# [What is being asked]
The line containing "902 E Palm Ave #3 — Photo 7" and every line after it, through the end of the material: copy these exactly and nothing else, leaving pictures out.

Dataset section Block Start

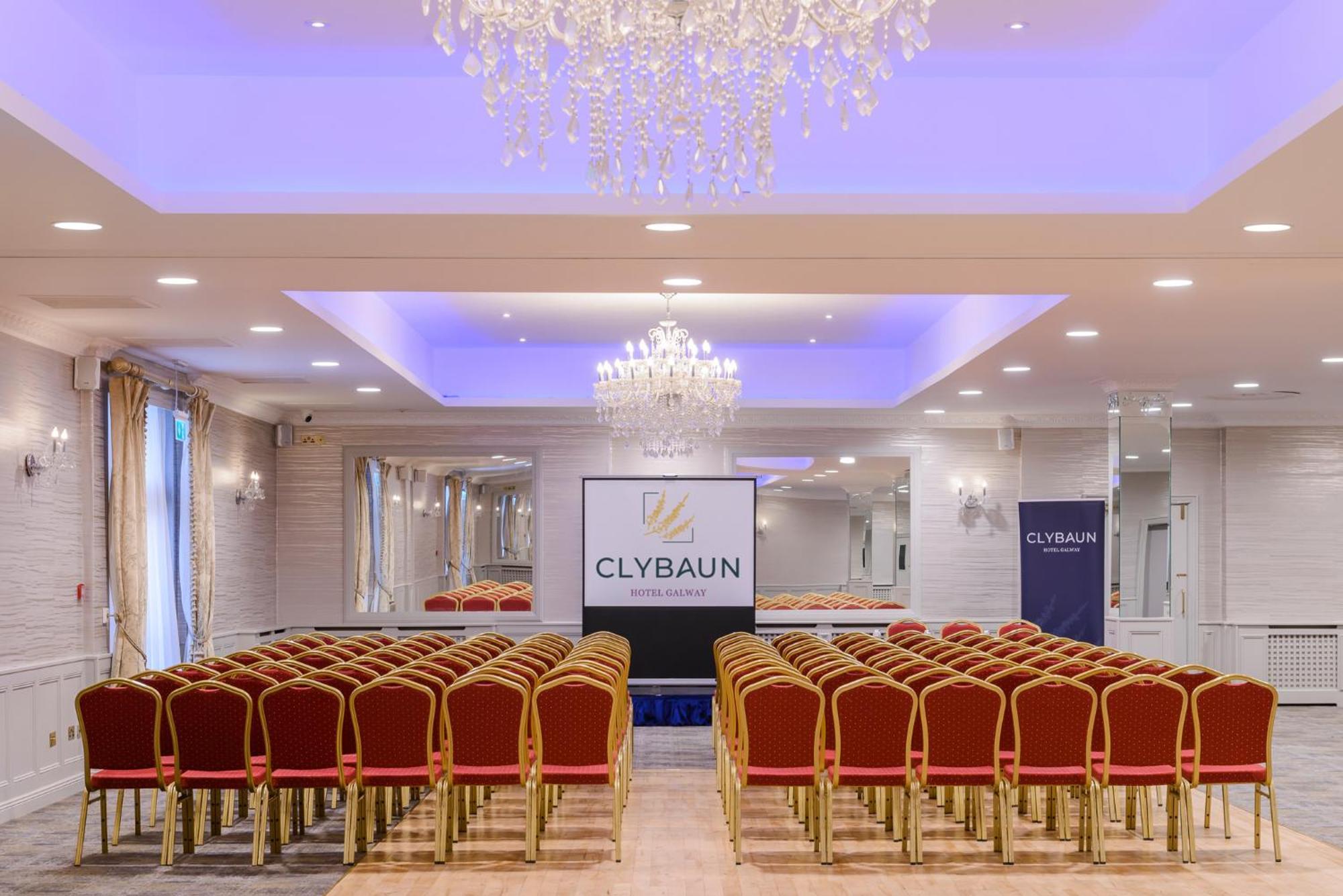 Clybaun Hotel Голвей Екстер'єр фото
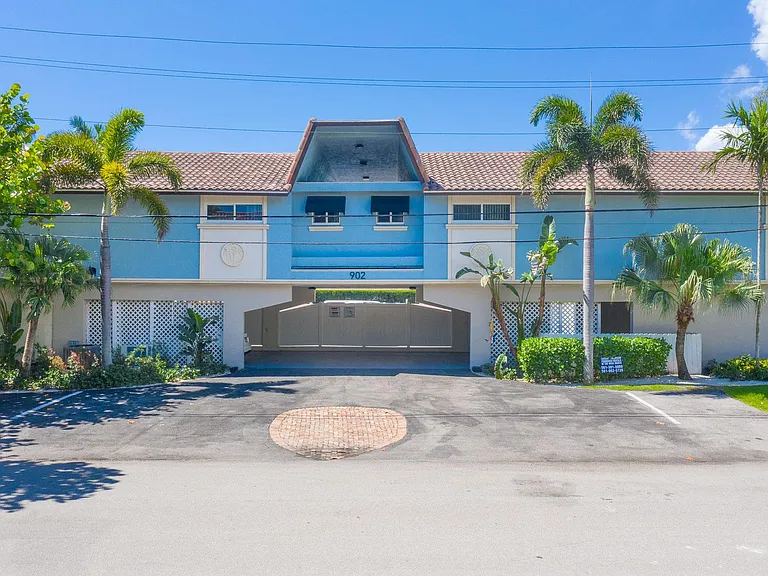 902 E Palm Ave #3 — Photo 7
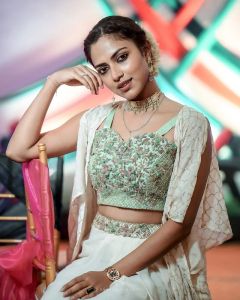 amala-paul-images-saree.webp-002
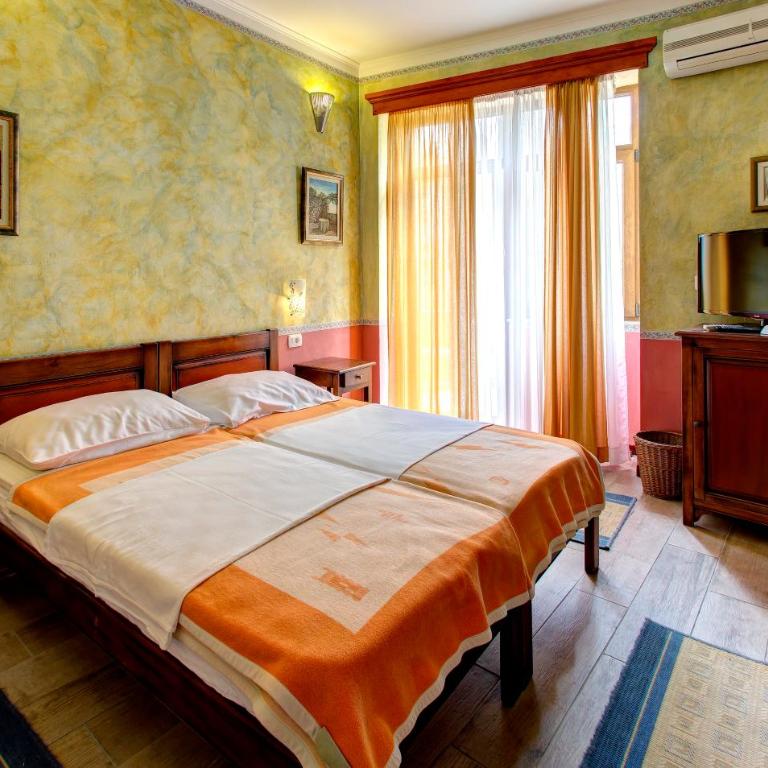 Villa Botticelli - Double or Twin Room with Terrace - 8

Dataset section Block End

# [Solved exercise]
 902 E Palm Ave #3 — Photo 7
 amala-paul-images-saree.webp-002
 Villa Botticelli - Double or Twin Room with Terrace - 8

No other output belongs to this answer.